The man due to go on trial for the 15 March 2019 Christchurch mosque attacks is reported to have today (Thursday) pleaded guilty to all the charges he was facing.
RNZ News reports that, at the High Court in Christchurch, Brenton Tarrant admitted 51 counts of murder, 40 of attempted murder and one under the Terrorism Suppression Act.
In previous pre-trial hearings he had denied all of the charges.
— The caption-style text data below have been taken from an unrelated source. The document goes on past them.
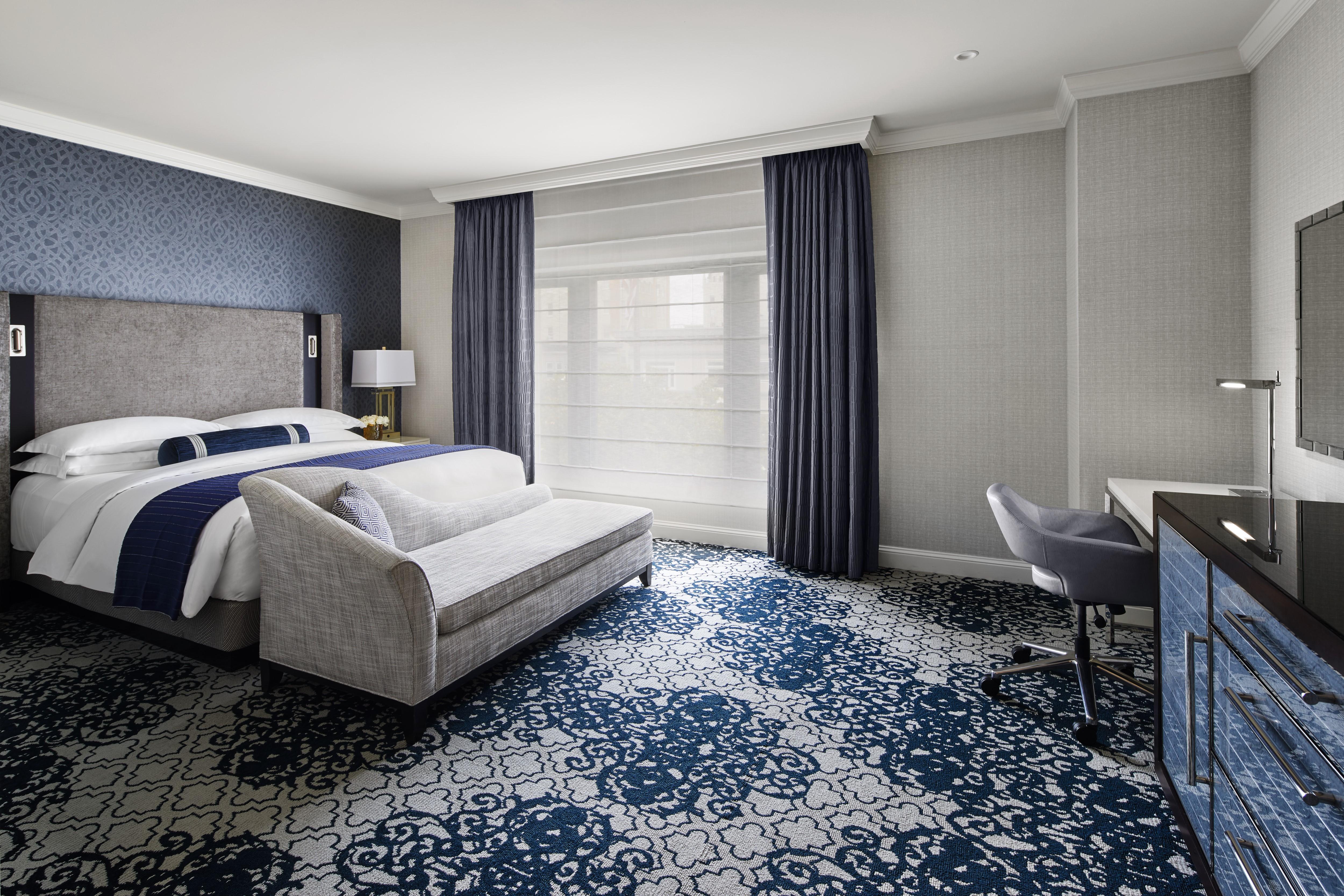 Corner King Guestroom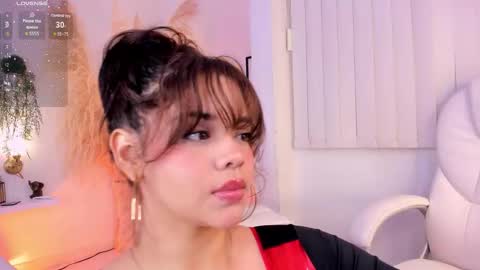 Snapshot of nikavelvet chatting on 28, 10, 2025 NIKA online show from 28, 10, 2025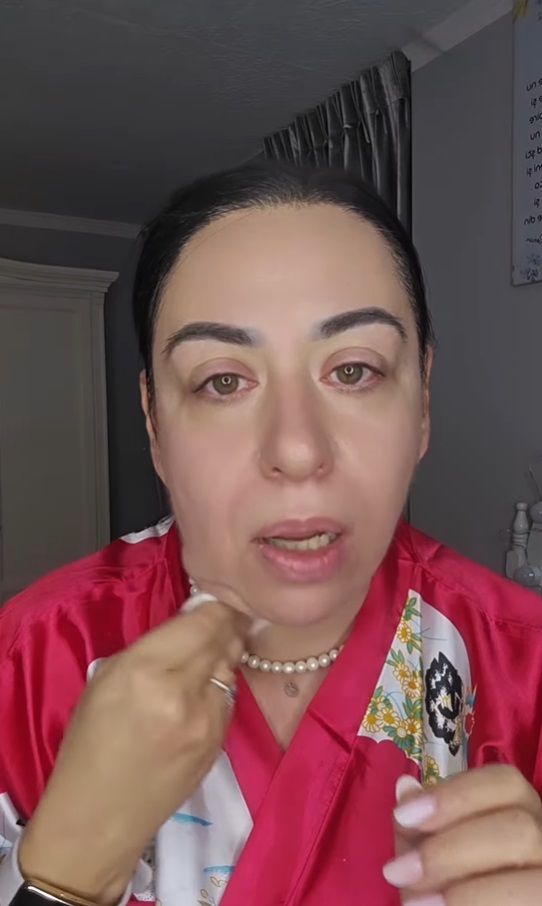 De ce Oana Roman nu se spală cu apă pe față. Obiceiul pe care îl are și sora ei: „Apa de la robinet nu e cea mai bună”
The guilty plea means he has become New Zealand's first convicted terrorist.
In a statement, Prime Minister Jacinda Adern said the guilty plea will provide some relief to the many people whose lives were shattered by what happened on March 15.
“These guilty pleas and conviction bring accountability for what happened and also save the families who lost loved ones, those who were injured, and other witnesses, the ordeal of a trial," she has said.
Ms Adern said she could not make any further comment given that sentencing is still to happen.
Last week Chief High Court Judge Venning and Chief District Court Judge Taumaunu advised the New Zealand Law Society | Te Kāhui Ture o Aotearoa and New Zealand Bar Association of the arrangements being put in place for the R v Tarrant trial.
The arrangements would have had an impact on other cases in Christchurch.
The trial was set down to begin on 2 June, and was expected to take six weeks to complete.
RNZ News reports the 29-year-old showed no emotion as he appeared via audio visual link in the High Court.
They say no explanation for the Australian's change of heart was given during the hearing. He has been remanded in custody until May.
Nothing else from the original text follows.